是的，协程除了它要解决的问题上，其他可以说就是线程。

那么协程要解决什么问题呢？

这要从协程为什么火起来说起。线程池很好，但线程是由操作系统调度的，并且线程切换代价太大，往往需要耗费数千个CPU周期。

在同步阻塞的编程模式下，

当并发量很大、IO密集时，往往一个任务刚进入线程池就阻塞在IO，就可能(因为线程切换是不可控的)需要切换线程，这时线程切换的代价就不可以忽视了。

后来人们发现异步非阻塞的模型能解决这个问题，当被IO阻塞时，直接调用非阻塞接口，注册一个回调函数，当前线程继续进行，也就不用切换线程了。但理想很丰满，现实很骨感，异步的回调各种嵌套让程序员的人生更加悲惨。

于是协程应运重生。

协程就是由程序员控制跑在线程里的“微线程”。它可以由程序员调度，切换协程时代价小(切换根据实现不同，消耗的CPU周期从几十到几百不等)，创建时耗费资源小。十分适用IO密集的场景。

Boost::Coroutine2

boost的Coroutine2不同于Goroutine，golang的协程调度是由Go语言完成，而boost::coroutine2的协程需要自己去调度。

#include <boost\coroutine2\all.hpp>

#include <cstdlib>

#include <iostream>

using namespace boost;

using namespace std;

class X {

public:

	X() {

		cout << "X()\n";

	}

	~X() {

		cout << "~X()\n";

		system("pause");

	}

};

void foo(boost::coroutines2::coroutine<void>::pull_type& pull) {

	X x;

	cout << "a\n";

	pull();

	cout << "b\n";

	pull();

	cout << "c\n";

}

int main() {

	coroutines2::coroutine<void>::push_type push(foo);

	cout << "1\n";

	push();

	cout << "2\n";

	push();

	cout << "3\n";

	push();

	return 0;

}

调用push_type和pull_type的operator()就会让出当前执行流程给对应的协程。push_type可以给pull_type传递参数，而pull_type通过调用get来获取。

你也可以写成这样

boost::coroutines2::coroutine<void>::pull_type pull([](coroutine<void>::push_type &push){...})

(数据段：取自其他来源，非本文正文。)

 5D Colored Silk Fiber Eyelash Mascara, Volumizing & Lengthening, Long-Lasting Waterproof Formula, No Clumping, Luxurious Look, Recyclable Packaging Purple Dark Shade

它和上面的区别是，新建的pull_type会立即进入绑定的函数中(哪里可以调用push()，哪个协程先执行)

那如果在main结束之前，foo里没有执行完，那foo里的X会析构吗？

Boost文档里说会的，这个叫做Stack unwinding。

我们不妨把main函数里最后一个push();去掉，这样后面就不会切换到foo的context了。会发现虽然foo中的"c"没有输出，但X还是析构了的。

Fiber

在实际生产中，我们更适合用fiber来解决问题。fiber有调度器，使用简单，不需要手动控制执行流程。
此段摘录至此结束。